Zhou Youguang was trained as an economist and had no background in linguistics before he was assigned to work on Pinyin in the 1950s. A method for transcribing Chinese characters into Western lettering, Pinyin is used when teaching Chinese to foreigners as well as in Chinese grammar schools, and it has facilitated dialogue among those speaking local variations of the Chinese language. Pinyin is also invaluable and essential for computer input of any kind; Chinese cell-phone users input parts of words in Pinyin to generate a list of possible Chinese characters. In fact, the process of transcribing the Chinese language in a form comprehensible to Westerners began “from the later years of the Qing dynasty down to today,” Zhou once told London Guardian interviewer Tania Branigan. “But we restudied the problem and revisited it and made it more perfect.”“I'm not the father of Pinyin,” he quipped. “I'm the son of Pinyin.”
Zhou was born on January 13, 1906, in Chongzhou, in eastern China. In the Chinese system, the family name is conventionally written first; Zhou's birth name was Zhou Yaoping and as an adult he adopted the pen name Zhou Youguang, which translated means “to illuminate.” His father was an official in China's feudal Qing Dynasty, and he remained employed when the Republic of China was founded in 1912. The family was well off, and Zhou enjoyed both Western and Chinese elements in his education, studying at the American-founded and highly competitive St. John's University in Shanghai before graduating from Guanghua University with an economics degree in 1927.
Zhou married Zhang Yunhe in 1933, and the couple moved to Japan so that he could pursue postgraduate studies. There they had two children, a daughter and a son. The first of many upheavals that would mark Zhou's long life came with the outbreak of the Sino-Japanese War, a key prelude to World War II that began in 1937. His family was forced to return to China and, as conditions there worsened, to the interior city of Chongqing, where the Chinese government relocated after its larger eastern cities fell to the Japanese. There, his daughter died after suffering an appendicitis attack.
In Chongqing, Zhou landed a job at the Sin Hua Trust & Savings Bank. There he met the young Communist Party official Zhou Enlai, who would become China's premier in 1949. After the war ended, Zhou was sent by the bank to New York City, where he worked at the office of its U.S. agent. For much of his time in China, Zhou had maintained a frugal lifestyle, but as a Wall Street banker he lived luxuriously: he traveled first class on trains and ocean liners, entertained job offers from Western banks. Inspired by his intellectual curiosity, he visited Princeton, New Jersey, to meet exiled German physicist Albert Einstein. In 1949, Zhou wrote the first of his 40-plus books, China's Financial Problems.
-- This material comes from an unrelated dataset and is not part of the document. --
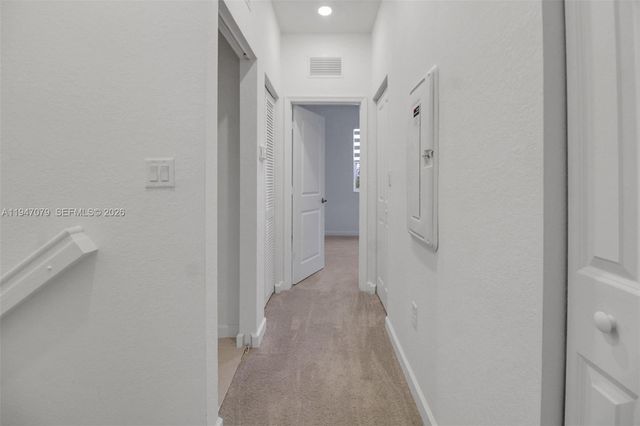 29278 SW 162nd Ct, Homestead, FL 33033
That year, after China's Nationalist government was defeated by Communist forces and exiled to the island of Taiwan, Zhou joined many other well-educated Chinese in welcoming the chance to help build a better future for their country. Returning home, he taught economics in Shanghai and began to study linguistics as a hobby.
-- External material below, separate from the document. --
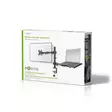 Monitorin Pöytäteline | Notebook | 1 näyttö | 15 - 32 " | 75x75 / 100x100 | Interaktiivinen - Monitoritelineet - 5412810419210 - 67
Since the late 16th century, attempts had been made to render Chinese writing in Western characters, and by Zhou's time, the most common system was Wade-Giles Romanization, devised by British diplomats Thomas Francis Wade and Herbert Allen Giles during the mid-19th century. Wade-Giles had many defects, however: it did not render Chinese pronunciation accurately and it used awkward superscript numbers to indicate the Chinese system of tones: In Chinese, a word may have different meanings depending on whether it is spoken with a rising tone, a falling tone, or in other intonation. Zhou and a team of 20 researchers were given the job of finding a simpler and more accurate system. What they devised was Pinyin, which means “spelled sounds.”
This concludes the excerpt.